All lines below between the line with "Used 2020 Ford" and the line with "фото №1, Mercedes", including both, must be copied exactly, and the pictures must be omitted.

>>>

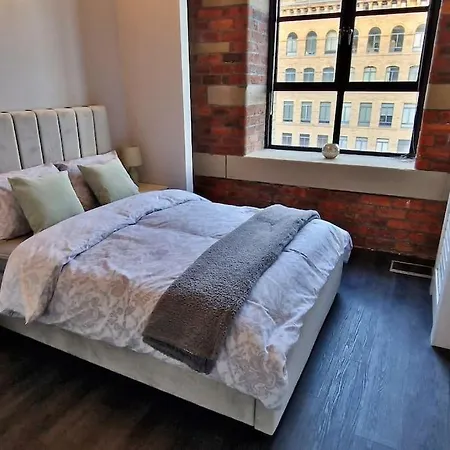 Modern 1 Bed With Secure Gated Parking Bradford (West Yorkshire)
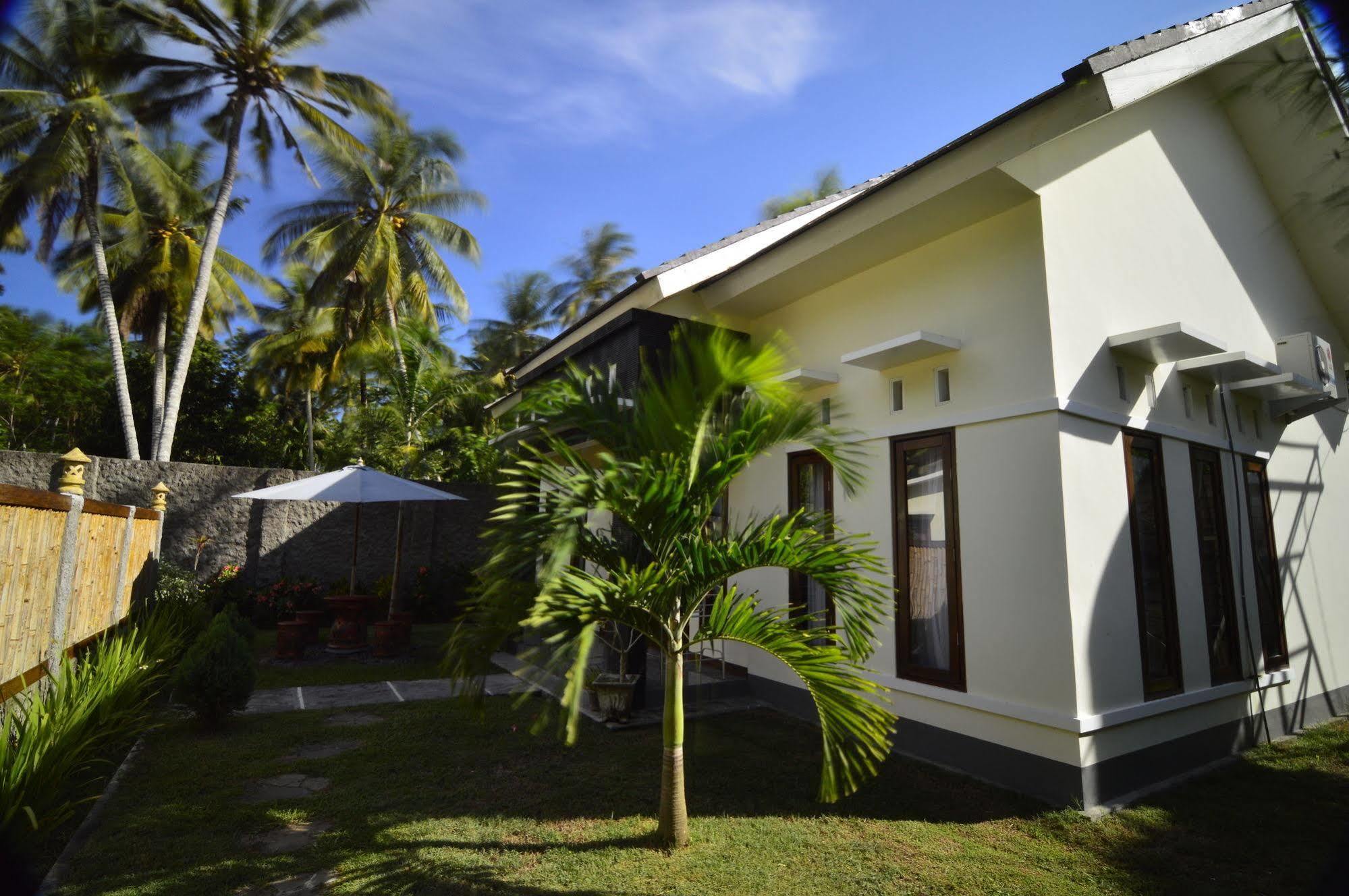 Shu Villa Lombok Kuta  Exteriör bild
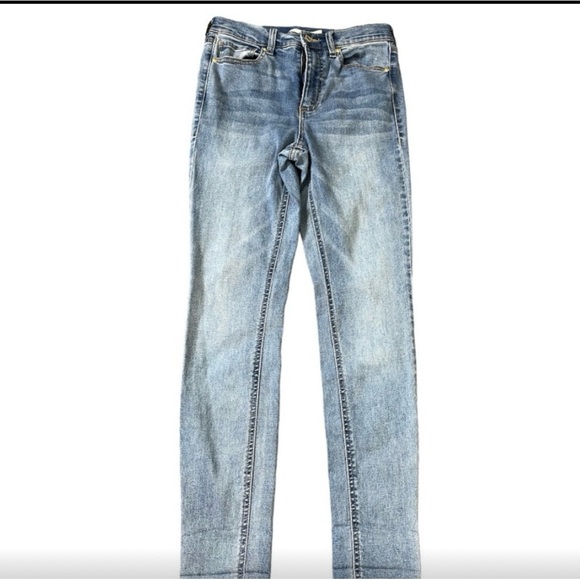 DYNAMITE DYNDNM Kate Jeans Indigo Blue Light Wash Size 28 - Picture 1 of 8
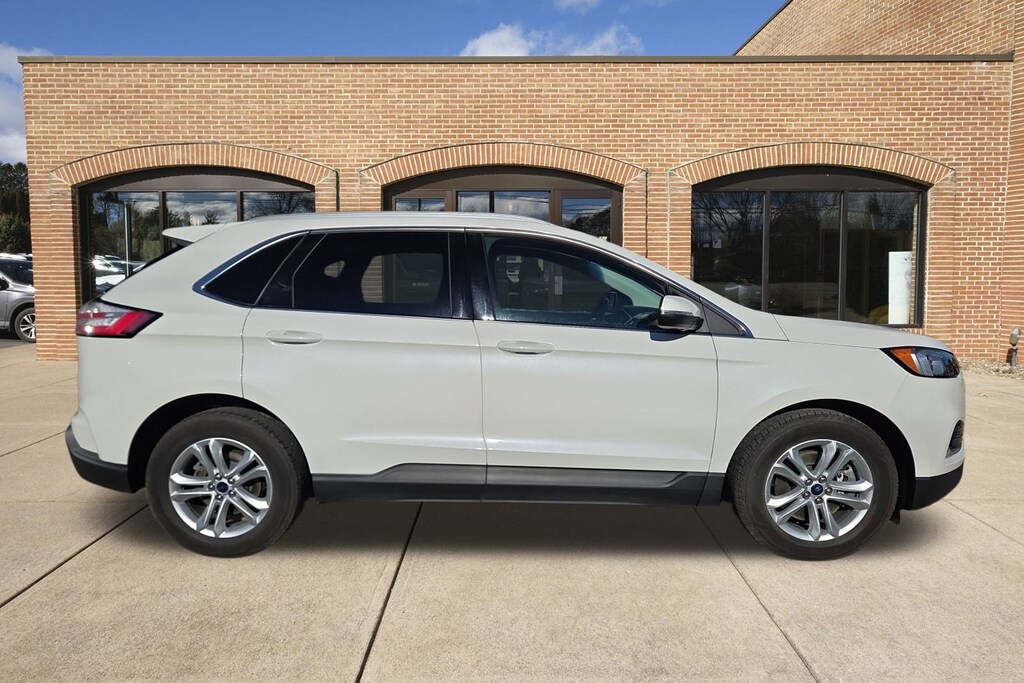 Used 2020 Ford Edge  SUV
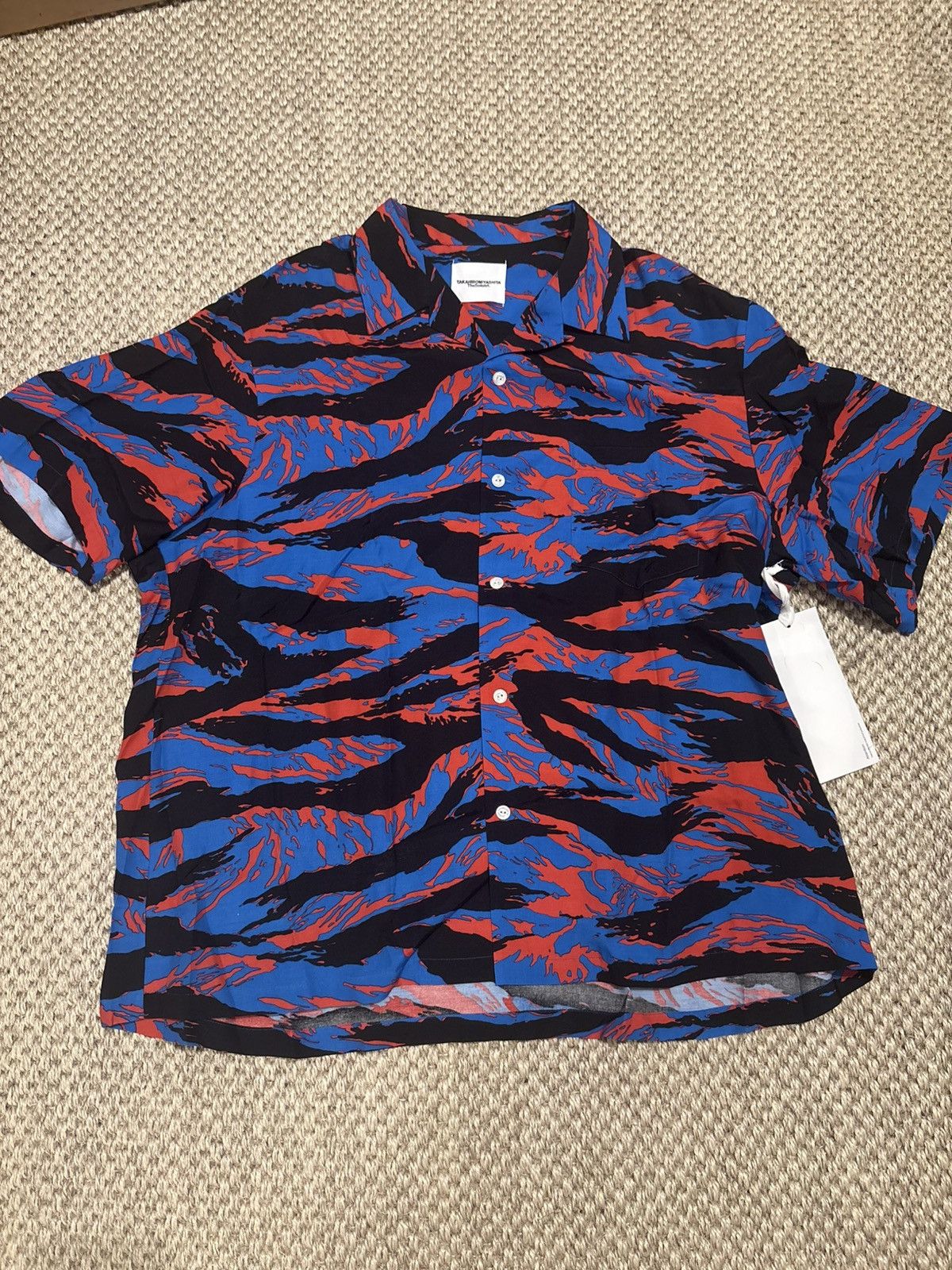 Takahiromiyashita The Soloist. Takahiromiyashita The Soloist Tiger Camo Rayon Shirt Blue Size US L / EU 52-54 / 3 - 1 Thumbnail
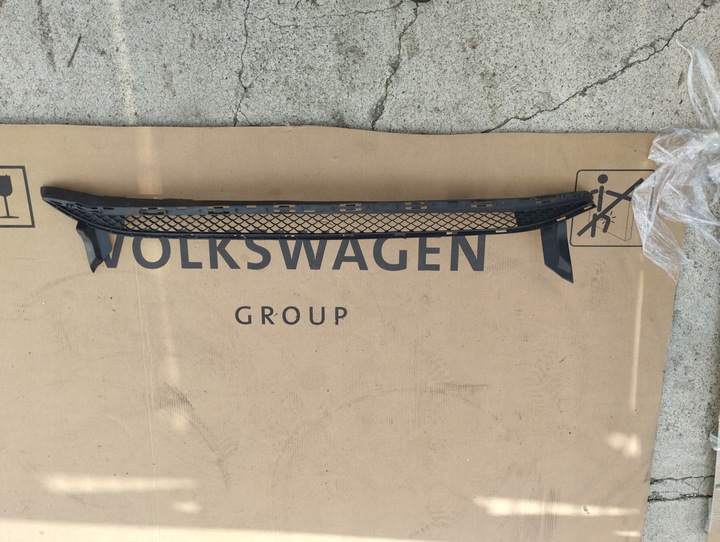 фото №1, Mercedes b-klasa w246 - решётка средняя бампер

<<<
>>>

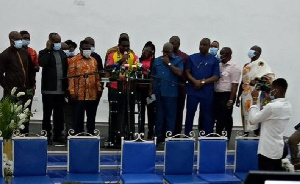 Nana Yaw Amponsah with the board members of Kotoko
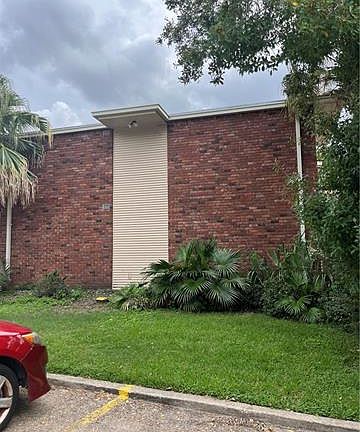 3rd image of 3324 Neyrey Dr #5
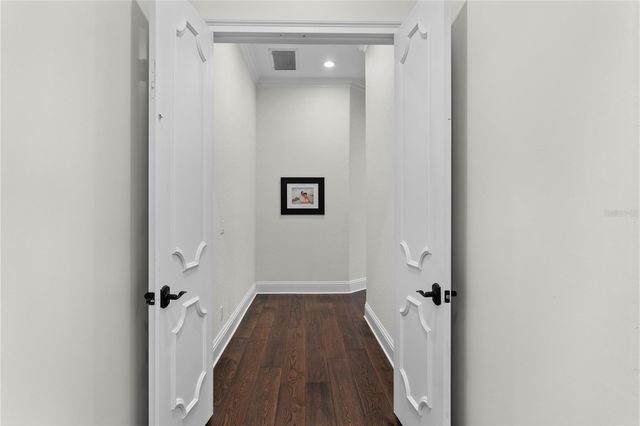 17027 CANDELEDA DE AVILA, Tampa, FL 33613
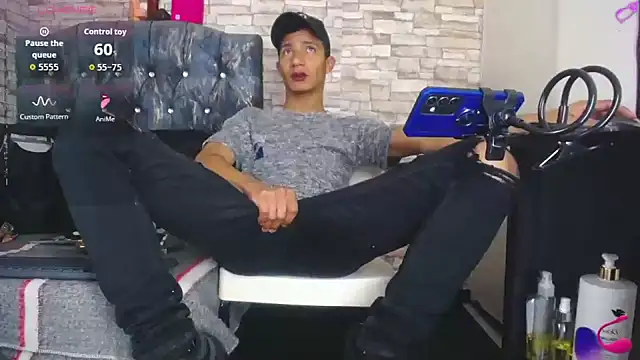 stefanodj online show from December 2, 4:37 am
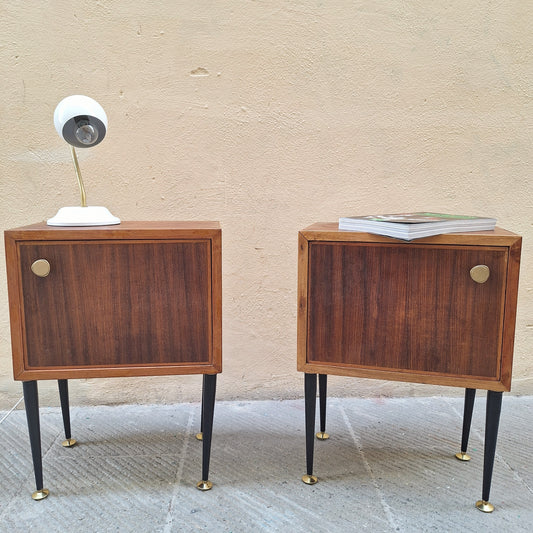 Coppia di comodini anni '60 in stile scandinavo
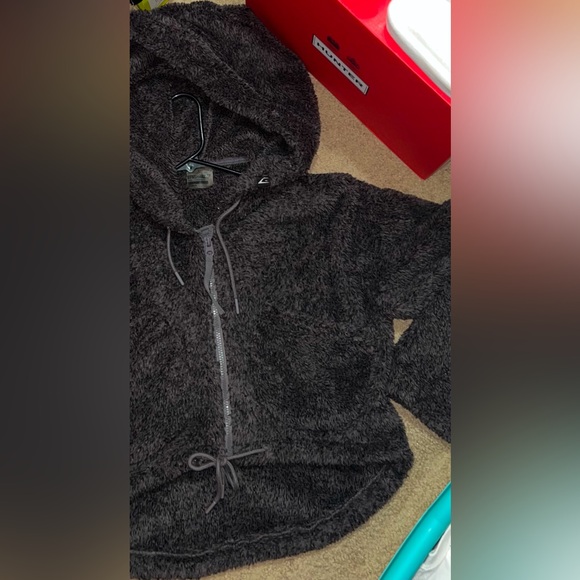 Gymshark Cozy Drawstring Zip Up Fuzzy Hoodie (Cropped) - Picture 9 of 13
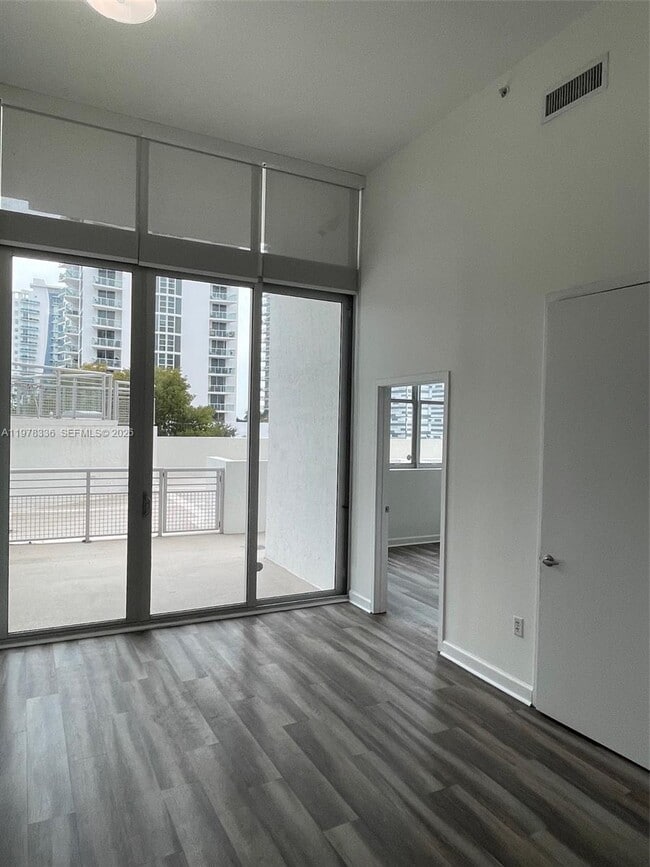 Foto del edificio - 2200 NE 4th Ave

<<<

→ Task solution:
 Used 2020 Ford Edge  SUV
 Takahiromiyashita The Soloist. Takahiromiyashita The Soloist Tiger Camo Rayon Shirt Blue Size US L / EU 52-54 / 3 - 1 Thumbnail
 фото №1, Mercedes b-klasa w246 - решётка средняя бампер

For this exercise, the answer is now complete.